I put in an option for two cores, but a larger number could be used which would improve the speed of the calculations.

correct_loo <- loo(log_lik_irt_2pl_correct,
cores=2,
r_eff=relative_eff(exp(log_lik_irt_2pl_correct),
chain_id=derive_chain(log_lik_irt_2pl_correct)))
## Warning: Some Pareto k diagnostic values are too high. See help('pareto-k-diagnostic') for details.
incorrect_loo <- loo(log_lik_irt_2pl_incorrect,
cores=2,
r_eff=relative_eff(exp(log_lik_irt_2pl_incorrect),
chain_id=derive_chain(log_lik_irt_2pl_incorrect)))
## Warning: Some Pareto k diagnostic values are too high. See help('pareto-k-diagnostic') for details.
print(correct_loo)
##
## Computed from 500 by 1000 log-likelihood matrix
##
##          Estimate   SE
## elpd_loo   -630.2 14.8
## p_loo       105.4  3.8
## looic      1260.4 29.6
## ------
## Monte Carlo SE of elpd_loo is NA.
##
## Pareto k diagnostic values:
##                          Count Pct.    Min. n_eff
## (-Inf, 0.5]   (good)     936   93.6%   106
##  (0.5, 0.7]   (ok)        59    5.9%   73
##    (0.7, 1]   (bad)        5    0.5%   48
##    (1, Inf)   (very bad)   0    0.0%   <NA>
## See help('pareto-k-diagnostic') for details.
print(incorrect_loo)
##
## Computed from 500 by 1000 log-likelihood matrix
##
##          Estimate   SE
## elpd_loo  -1042.5 12.2
## p_loo        39.3  2.2
## looic      2084.9 24.4
## ------
## Monte Carlo SE of elpd_loo is NA.
##
## Pareto k diagnostic values:
##                          Count Pct.    Min. n_eff
## (-Inf, 0.5]   (good)     992   99.2%   172
##  (0.5, 0.7]   (ok)         7    0.7%   227
##    (0.7, 1]   (bad)        1    0.1%   379
##    (1, Inf)   (very bad)   0    0.0%   <NA>
## See help('pareto-k-diagnostic') for details.

With this calculation we can examine the models’ loo values, which shows the relative predictive performance of the model to the data. Overall, model performance seems quite good, as the Pareto k values show that there are only a few dozen observations in the dataset that aren’t well predicted. The LOO-IC, or the leave-one-out information criterion (think AIC or BIC), is much lower (i.e. better) for the correct model, as we would expect.

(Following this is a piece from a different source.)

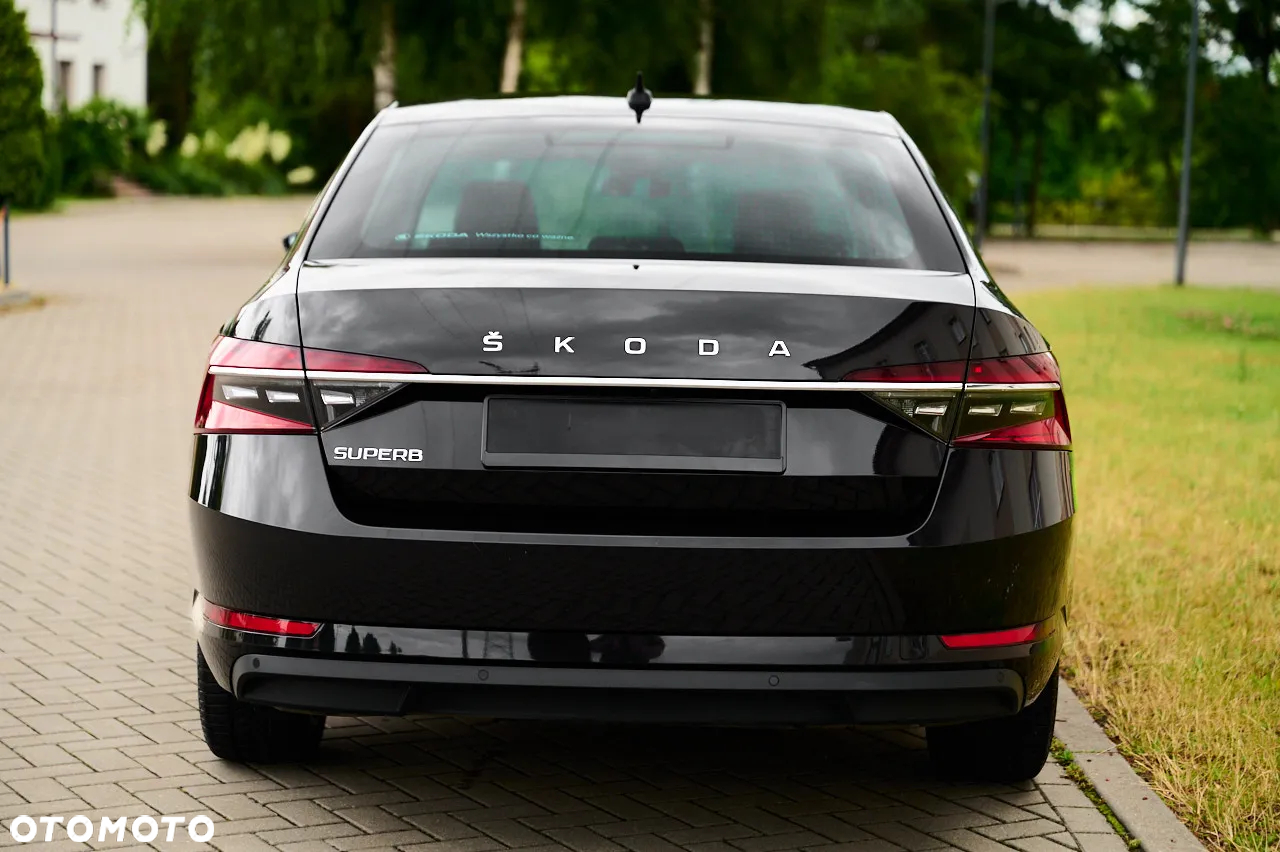 Skoda Superb 2.0 TDI SCR Style DSG - 8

We can also compare the LOOIC of the two models explicitly using a second loo function that will even give us a confidence interval around the difference. If the difference is negative, then the first (correct) model has higher predictive accuracy:

compare(correct_loo,
incorrect_loo)
## elpd_diff        se
##    -412.3      14.8

The first (correct) model is clearly preferred, as we would certainly hope in this extreme example. In less obvious cases, the elpd values can help arbitrate between model choices when a theoretical reason for choosing a model does not exist.